**AVAILABLE DATA**.
──────────────────────────────
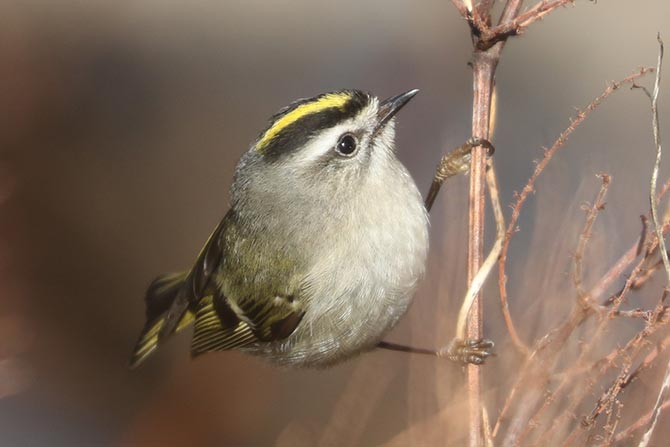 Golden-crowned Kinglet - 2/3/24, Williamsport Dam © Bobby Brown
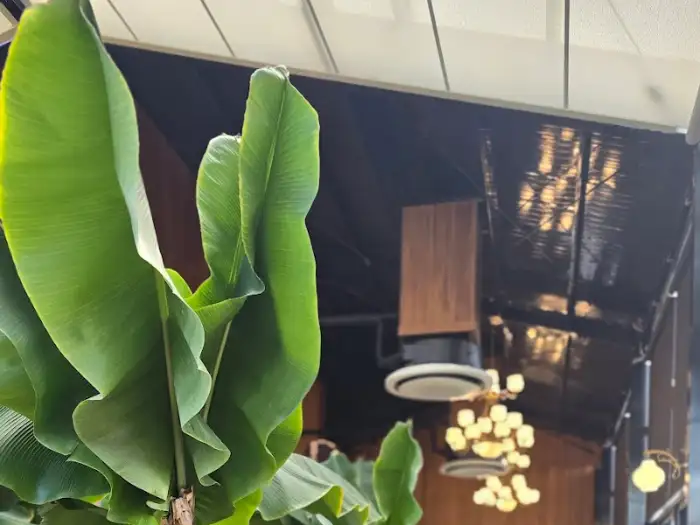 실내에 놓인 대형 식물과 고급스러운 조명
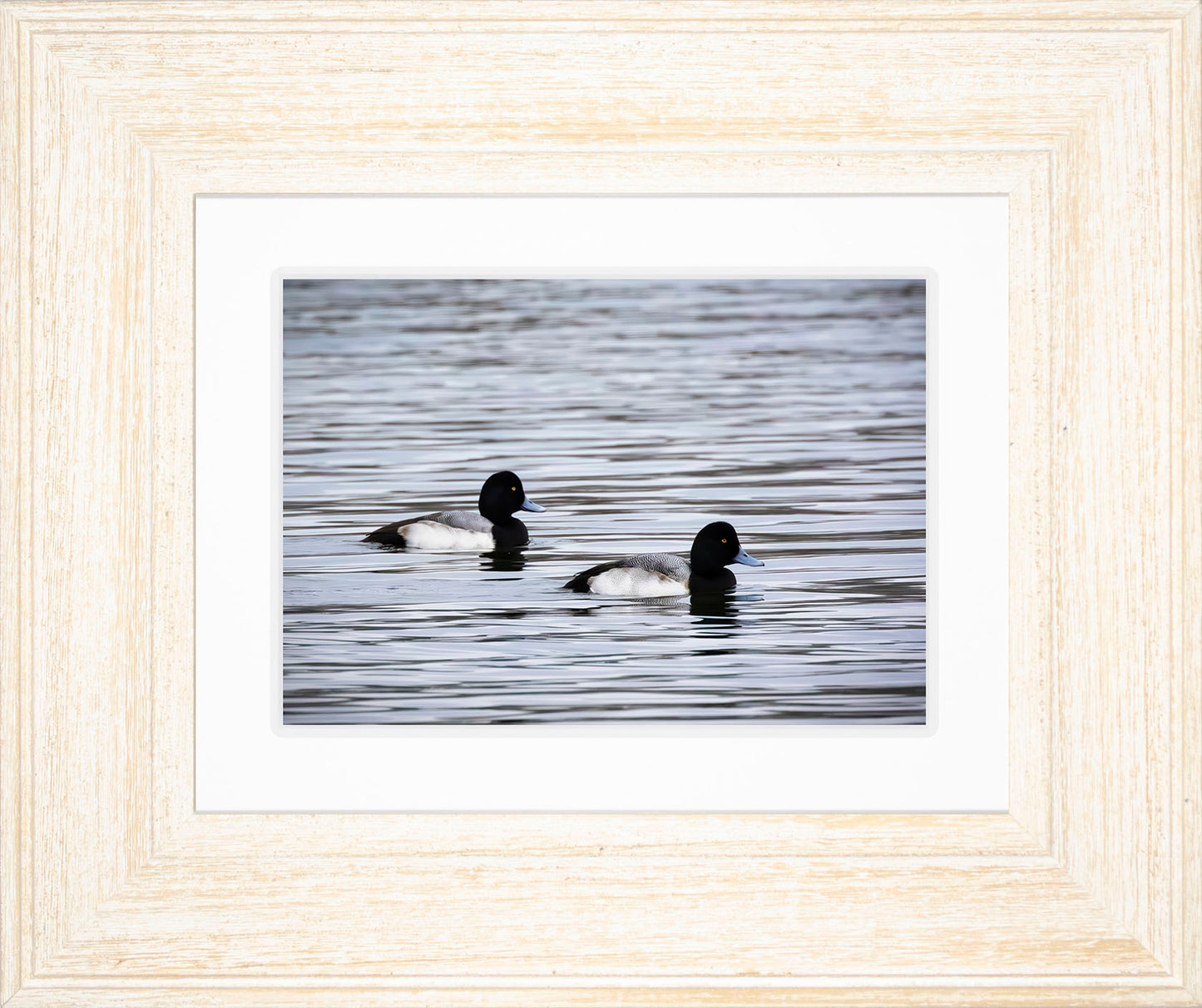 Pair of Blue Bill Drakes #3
──────────────────────────────
**TASK DETAILS**. Your answer should reproduce every line of the data verbatim and include no images.

**EXERCISE SOLUTION**.
 Golden-crowned Kinglet - 2/3/24, Williamsport Dam © Bobby Brown
 실내에 놓인 대형 식물과 고급스러운 조명
 Pair of Blue Bill Drakes #3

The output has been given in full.